Nov 5, 2009

17 again...

Ah, to be 17 again.
Wait. Let me rephrase that. Thank God I’m not 17 anymore.
For some reason, when you say the word seventeen, people smile. What about being 17 was pleasant? Most 17 year-olds spend their days cleaning out the bagel slicer at their crappy job, putting air in the tires of their crappy car, paying for their lunch in dimes (it took 12 of them for a Jumbo Jack), staring at their bodies in the mirror thinking it looks disgusting, when usually the most disgusting thing in the reflection is their facial expression.
17 year-olds spend their nights unraveling the gossip of the day—comparing different versions of the same story, hoping to God that no one finds out that their shoes came from Payless or that their parents can’t afford to send them on the class trip.
They stare at boys. All. Day. Long.
17 is an age of constant uneasiness. Always wondering what people are thinking about you. Assuming it must be bad. Spending $40 on a T-shirt from Abercrombie because that’s what the cool girl wears.
What the hell was wrong with us? Always trying to blend in and stay out of everyone’s way.
It is when I think about all of the nasty things that happen in high school that I am reminded of those other things. You know, the things you got in big trouble for. Despite how awkward or unpopular you are, everyone seems to find a group of a few friends to get into trouble with. Your parents don’t even notice anymore when they come in the house without knocking or open the fridge and help themselves. It is these people that you will never, ever forget because they were the ones that you were forced to pass the time with.
When you are seventeen, you aren’t allowed out on school nights, but when you figured out that the window right above the stairs to the deck doesn’t have an alarm, you made it count.
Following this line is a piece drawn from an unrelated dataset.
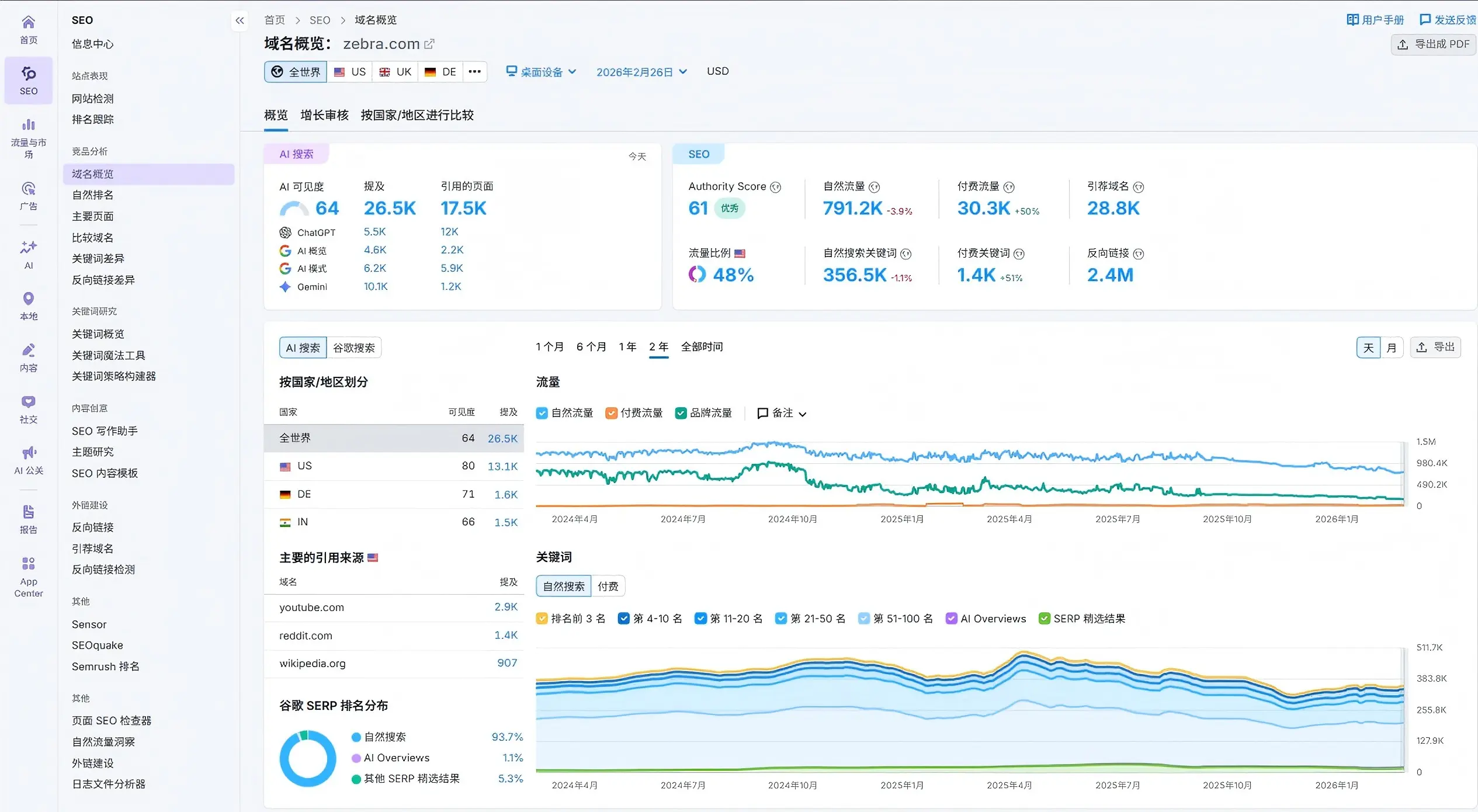 semrush结果截图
These were the nights that you smoked your first cigarette, got that ridiculous speeding ticket… maybe made your way into the backseat of a car with that cute boy.
They aren’t nights that anyone is necessarily proud of, but being 17 sucks so bad that you have to find ways to have fun. This is the one time in life that doing bad things still somehow seems innocent.
It seems like the stars were brighter when I was 17. I have several memories where my friends and I were outside sitting in a circle, surrounding whatever item it was that we were not supposed to have (cigarettes, a case of beer, WEED!) and reveling in the glory of having it. The mental picture seems more like a movie set than someone’s rickety old tree house or the football field.
I remembering keeping Febreeze and mouthwash in my glove box because I really believed that it would mask the odor of whatever I had gotten into that night. I remember kissing a co-worker in the walk-in freezer at Panera Bread. I remember my girlfriends and me taking the football coach’s jeep during weightlifting class to go get Chic-Fil-A. I remember toilet papering our rival campus with my volleyball team.
I remember falling in love with Charleston on a speech and debate trip, where we snuck into an art show and sampled their fine selection of wine and cheese. Mostly just the wine.
I remember having 22 missed calls from home on prom night knowing I would be in trouble, but thinking it was worth it. I remember tipping cows (yes, we did that in Greenville) and all of us being hung-over on the way to Mr. Martin’s house the next morning to apologize. I remember laughing at the irony throughout our youth group’s Christmas play when my best friend Amanda was cast as the Virgin Mary.
Ok, so 17 had its ups and downs. It’s an odd age. You’re taken a little more seriously than when you were 16, but you still can’t buy cigarettes or porn. You have a crappy job, but your coworkers are usually your friends. You really don’t have any responsibilities other than to show up at school. Yes, there are always bitches at school. Yes, sometimes your parents suck, and at 17 you can’t do a damn thing about it. But at 17, there was no such thing as rent or utilities or credit cards or student loans.
What a simpler time?! Now, I don’t care what the girls around me are wearing. I know that gossip is worthless. I don’t care quite as much about looking cute for the boys. I can go out and come home whenever I want, if I even want to.
I am, however, 22. I have a real job and real responsibilities. I have a relationship that I am proud of. I am now a grown-up. I can’t kiss random boys in the freezer anymore. I can’t stay out playing with my friends till sunrise when I know I have appointments in the morning. I can’t get crazy speeding tickets because I pay for my insurance now.
Of course, I don’t want to do some of these things anymore. Now that I’m 5 long years wiser, I know a few things about conduct and restraint. But I am glad that God gave us sort of a grace period—a time to dip our toes into the pool of adult things without real consequence. We all thought we were just passing the time till we could get out of town and do something great. But we were learning. We were experiencing and experimenting. We were doing things that are really only acceptable if done by mindless, innocent 17 year-olds and thank God we did them.
Would I ever want to be 17 again? HELL NO. Being awkward, boy-crazy, and bad-mouthed were not things that occurred in my imagination. I am, however, glad that I took advantage of this little window of time where all we wanted to do was wave good-bye to childhood and let the good, grown-up times roll.